Archived B63 MTA Bus Time Data
As requested by a number of developers on the MTA's Developer Resources list, we have posted an extract of data archived by the MTA Bus Time system. This first extract contains historical records for the B63 route in Brooklyn from April 3, 2011 through May 3, 2011. Each record in this data set contains, for a single bus, the time of observation, bus location, bus route, next stop, distance from that stop, and other variables described below.
Additional data from Staten Island are not yet available.
The data can be found here. This page describes caveats with respect to this data, and the format of the data itself.
The B63-only GTFS which powers MTA Bus Time and provides a reference baseline for this archive data is available here
Because of the prototype nature of the MTA Bus Time pilot system, it takes some effort to generate these extracts. Future extracts will be posted if demand and applications for this first extract merit the effort.
Caveats
 
There are a number of caveats to this data set.  MTA Bus Time on the B63 is a pilot project, where the gear on the bus and the backend server is exceedingly simple.
- There is no formal integration with the schedule, so trip ID's in this data can not be used at any point to infer whether a bus was early or late. The trip ID's only indicate a particular stopping pattern.
- The data itself, while voluminous, is not perfectly clean.
- This data does not indicate the particular time that a given bus served (or passed) a particular stop. It simply relates, for every observation the server received from a bus, the ID of the next stop on that bus' trip and the distance to that stop. To infer when a bus served a given stop, one can look at consecutive observations where the ID of the next stop changed.
We hope to fix all but the last of these issues in the forthcoming MTA Bus Time implementation on Staten Island (and beyond). Please let us know, via the email list, any issues you find.
Documentation
 
The data comes in a big zipped CSV file, with the following columns.  As much as possible, these columns are named to match the corresponding GTFS values.
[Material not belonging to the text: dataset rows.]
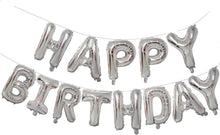 Load image into Gallery viewer, Silver Happy Birthday Balloons Banner,16 Inch Mylar Foil Letters Sign,Reusable Balloons for Women, Men, Boys & Girls Birthday Decorations Party Supplies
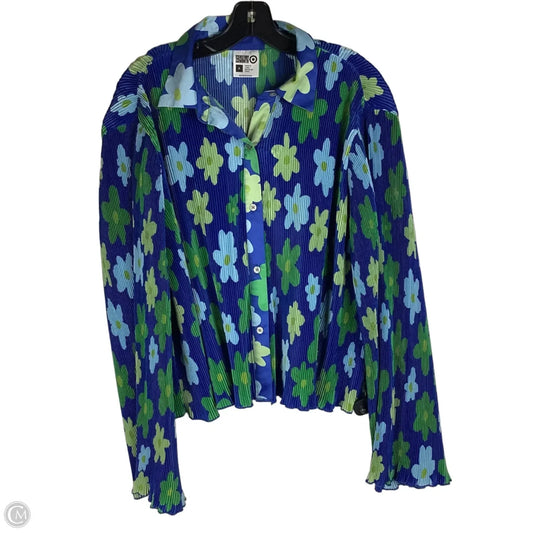 Top Long Sleeve By Target In Blue & Green, Size: Xl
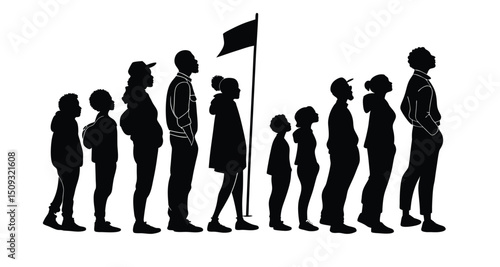 Group of people standing silhouette vector illustration. people vector illustration on a white background and show the diversity and unity of the group.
- vehicle_id - the 4-digit ID of the bus
- timestamp - the date and time of the observation
- latitude - the latitude of the bus
- longitude - the longitude of the bus
- phase - the phase of the bus in its duty cycle; current extract includes only observations when the bus is inferred to be IN_PROGRESS (i.e. driving on the route) or LAYOVER_DURING (i.e. waiting at a terminal for a trip to begin)
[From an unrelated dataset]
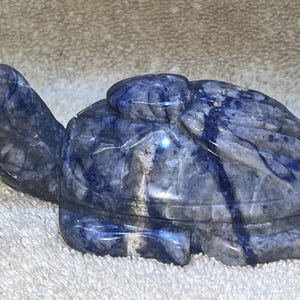 May include: A blue and white carved stone turtle figurine. The turtle is detailed with intricate lines and patterns.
- trip_id - a GTFS trip_id representing the stopping pattern inferred for the given bus at the given time
- direction_id - the GTFS direction_id for the direction the bus is traveling
- trip_headsign - the GTFS destination sign value for the inferred representative trip
- shape_dist_traveled - the distance the bus has traveled (in meters) along the precise geographic route of the inferred representative trip
- stop_id - the GTFS stop_id of the next stop the bus will serve
- stop_sequence - the GTFS stop_sequence of the next stop the bus will serve
- dist_from_stop - the distance of the bus (in meters) from that next stop
For description and hints on how to work with CSV files, please see Wikipedia, or this helpful guide.